* **ASSIGNMENT**: Output exactly the lines below, starting with the line that has "BOUCLE DOREILLES EN" and going on through the line that has "Girls Weave Versatile", both included, and no other lines.

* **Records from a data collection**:

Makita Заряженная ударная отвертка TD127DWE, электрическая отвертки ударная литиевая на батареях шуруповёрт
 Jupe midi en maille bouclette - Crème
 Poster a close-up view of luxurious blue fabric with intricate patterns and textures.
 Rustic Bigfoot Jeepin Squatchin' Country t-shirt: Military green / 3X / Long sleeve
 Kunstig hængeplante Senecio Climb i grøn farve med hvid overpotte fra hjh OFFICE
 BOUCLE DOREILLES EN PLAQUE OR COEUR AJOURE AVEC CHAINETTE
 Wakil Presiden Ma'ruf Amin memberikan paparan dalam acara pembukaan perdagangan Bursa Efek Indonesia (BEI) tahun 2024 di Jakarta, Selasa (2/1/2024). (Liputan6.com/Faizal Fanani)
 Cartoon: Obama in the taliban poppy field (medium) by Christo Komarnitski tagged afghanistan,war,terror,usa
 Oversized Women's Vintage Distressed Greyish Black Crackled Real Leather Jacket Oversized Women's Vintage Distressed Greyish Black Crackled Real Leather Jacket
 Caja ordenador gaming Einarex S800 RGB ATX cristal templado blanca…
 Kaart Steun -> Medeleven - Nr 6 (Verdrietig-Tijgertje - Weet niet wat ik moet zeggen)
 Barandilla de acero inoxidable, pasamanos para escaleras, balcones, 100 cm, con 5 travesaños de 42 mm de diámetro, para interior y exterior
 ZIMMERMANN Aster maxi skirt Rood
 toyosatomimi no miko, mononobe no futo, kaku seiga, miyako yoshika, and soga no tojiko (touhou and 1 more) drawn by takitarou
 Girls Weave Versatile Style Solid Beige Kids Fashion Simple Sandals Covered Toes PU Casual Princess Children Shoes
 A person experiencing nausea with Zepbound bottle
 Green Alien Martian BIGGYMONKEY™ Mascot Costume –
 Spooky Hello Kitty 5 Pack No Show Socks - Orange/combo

* **RESULT**:
 BOUCLE DOREILLES EN PLAQUE OR COEUR AJOURE AVEC CHAINETTE
 Wakil Presiden Ma'ruf Amin memberikan paparan dalam acara pembukaan perdagangan Bursa Efek Indonesia (BEI) tahun 2024 di Jakarta, Selasa (2/1/2024). (Liputan6.com/Faizal Fanani)
 Cartoon: Obama in the taliban poppy field (medium) by Christo Komarnitski tagged afghanistan,war,terror,usa
 Oversized Women's Vintage Distressed Greyish Black Crackled Real Leather Jacket Oversized Women's Vintage Distressed Greyish Black Crackled Real Leather Jacket
 Caja ordenador gaming Einarex S800 RGB ATX cristal templado blanca…
 Kaart Steun -> Medeleven - Nr 6 (Verdrietig-Tijgertje - Weet niet wat ik moet zeggen)
 Barandilla de acero inoxidable, pasamanos para escaleras, balcones, 100 cm, con 5 travesaños de 42 mm de diámetro, para interior y exterior
 ZIMMERMANN Aster maxi skirt Rood
 toyosatomimi no miko, mononobe no futo, kaku seiga, miyako yoshika, and soga no tojiko (touhou and 1 more) drawn by takitarou
 Girls Weave Versatile Style Solid Beige Kids Fashion Simple Sandals Covered Toes PU Casual Princess Children Shoes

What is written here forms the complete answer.